I grew up watching the forest literally getting air lifted out of my backyard (helicopter logging). After the pine beetle scare in the late nineties, logging companies were given the green light to clear timber from slopes right in view of of our small mountain town. Then after some pretty crazy fires, the government let those same companies log right in and around town to create a fire barrier. It was then I realized how hypocritical I was. I used to rant after I climbed a mountain way in the backcountry only to discover the valley behind it was completely clear-cut, "Why the heck do they ruin nature by cutting down all these trees? Why don't they log where humans have already half-ruined the landscape instead?" The realization came after they logged out my town, "Why the heck are they taking all our trees and making our town ugly? Why don't they log way out in the middle of nowhere where no one is going to see it?"
My hometown exists because of coal mining. Not coal-for-energy mining; hard-coking coal mining. The coal they take out of the rockies in BC represents 25% of the worlds supply of steel-making coal. Chances are good the steel in your car was made from coal my family and friends dug out of the mountains. They strip-mine out here, which means if there is coal in a mountain, they literally take the mountain down, sift out the coal, then pile the rubble back up somewhere else and make a new mountain. There are peaks I used to see that don't exist anymore, the mountains are gone, never to be climbed again.

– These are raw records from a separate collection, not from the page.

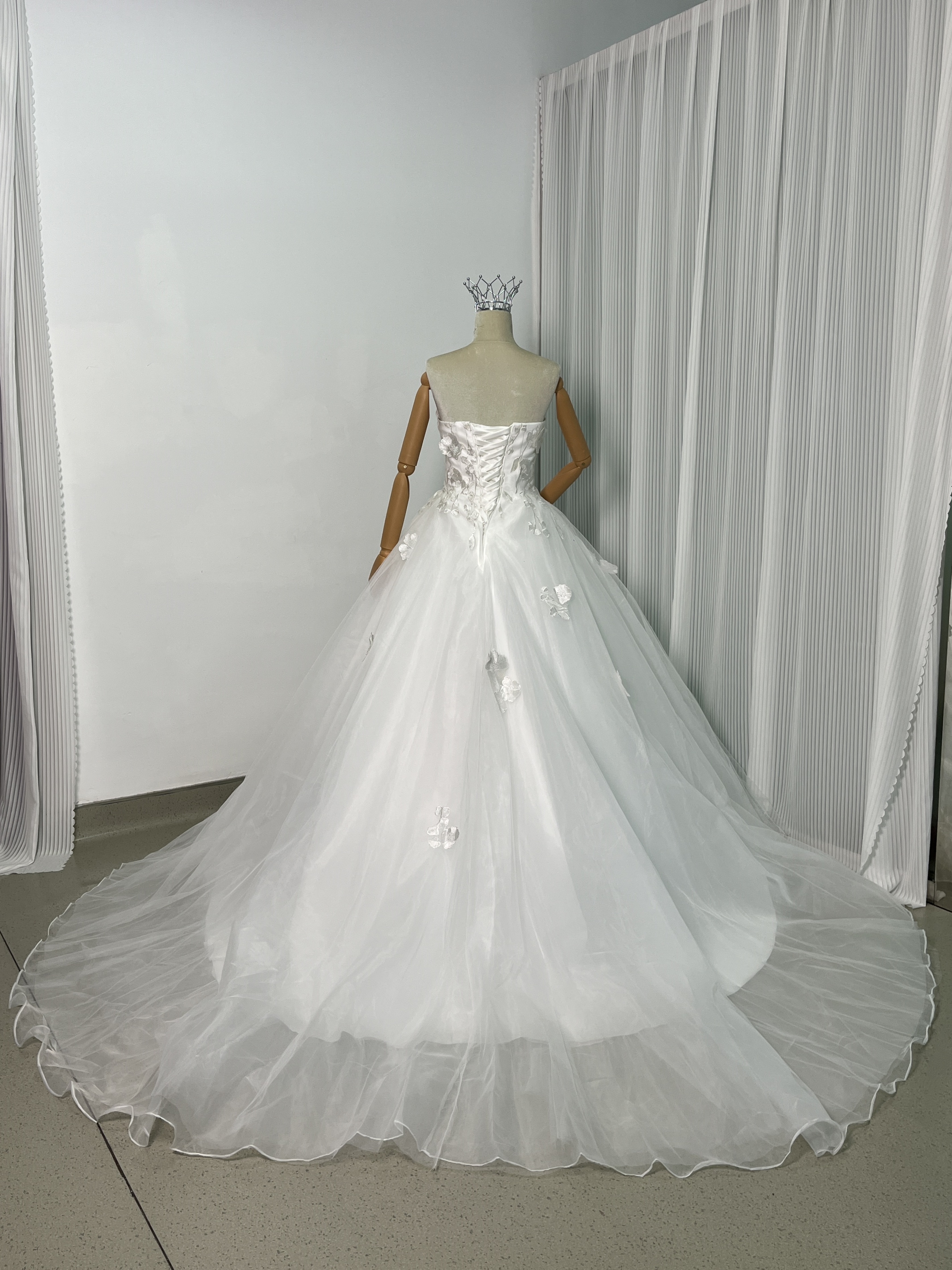 上品！ウエディングドレス ベアトップ 3D立体レース刺繍 フレアスカート 結婚式/披露宴 編み上げ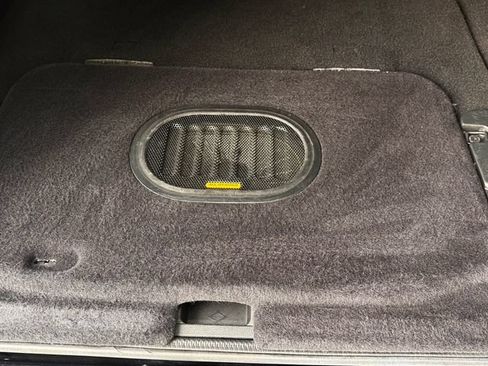 Used 2018 Jeep Wrangler Unlimited Sahara w/ Connectivity Group AWD/4WD image 40
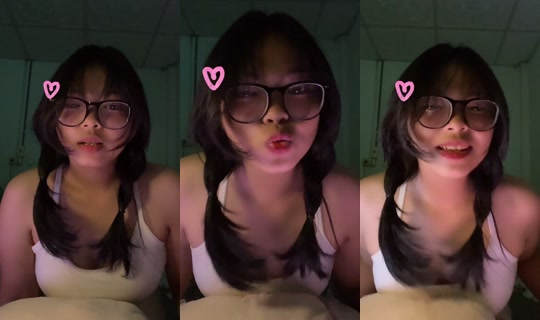 chompoo_ji's Live Session — May 19, 2026, 12:55 AM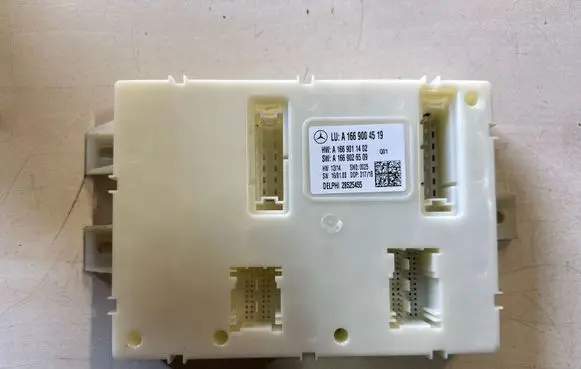 Mercedes-Benz GLE (W166 - C292) SAM control unit A1669011402
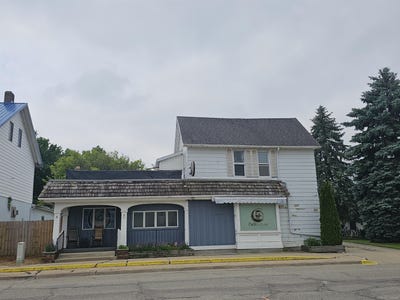 /international/us/29-w-lapeer-street-peck-mi-110109055413/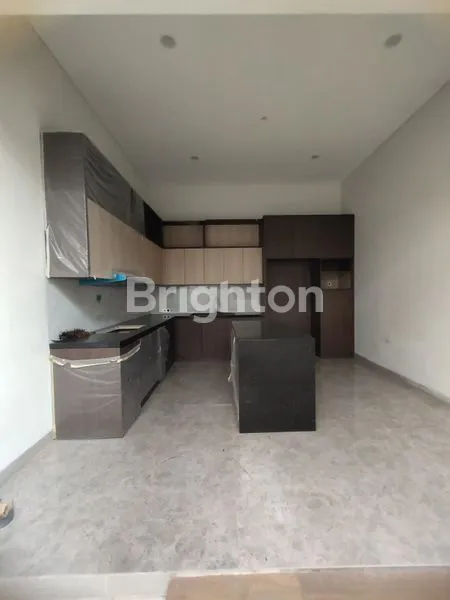 image RUMAH MEWAH GANDENG 750 M² DI KALIBANTENG SEMARANG BARAT (7)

Living in this area gives me a lot of perspective that a lot of urban environmentalists don't have. The logging industry and the mining industry; they employed thousands of people. Every kid I went to school with had a daddy in the coal mines. Families, including my own, were supported by that industry while there are many other families all around the world suffering and starving who would give anything to have a job they could support their family with.
The "impending doom" of January 20th, 2017, is going to provide a lot of people with opportunities to give their children the same opportunities I had growing up. Supporting industry does not mean the world is doomed, it means jobs are being created.
But what about the environment? I like to think of myself as a realist. I'm pro-environment, so I do my part for what it matters, but I understand that you can't cripple the economy for the sake of serene landscapes. All my trees and mountains that are gone; those went towards building houses, and buildings, and cars and all sorts of infrastructure that everyone reading this post probably wouldn't want to live without. I accept that my home town isn't as pretty as it used to be because there is a demand in the world for those resources, and as long as that demand exists, then there's no stopping people from getting those resources from wherever they can.
Here's the biggest point I'd like to make: In an increasingly globalized world, where demand for resources goes up every year, for the sake of the environment, I'd rather those resources came form a country with sane environmental regulations, than from over seas. If you try to stop industry in North America, for the sake of our domestic outdoor spaces which are "under attack" then you're only going to make things worse for mother earth. The market is still going to get the resources they need, but they're going to come from somewhere else; places like China or Brazil where they could care less about the environment.
The only way to prevent companies from going after the ample supply of natural resources in the great outdoors, is to eliminate the demand. Stop using fossil fuels, stop buying products made in China, stop using "dirty energy", don't buy anything plastic. It's the consumers who dictate what companies do, if the consumers decide they don't want to consume products that hurt the environment, then companies hurting the environment will go out of business. It's called capitalism, the consumers are the ones who regulate the industry, they're the only ones who can save the environment.
You say the outdoors are our home, but how many people on this site really live there? If you live in a city, then the outdoors aren't your home, they're you're playground. I grew up in the outdoors, and I recognized that the cities were the reason my trees were disappearing. It doesn't matter who is president, the "attack" on the great outdoors won't end until people stop demanding cheap resources that the outdoors can provide.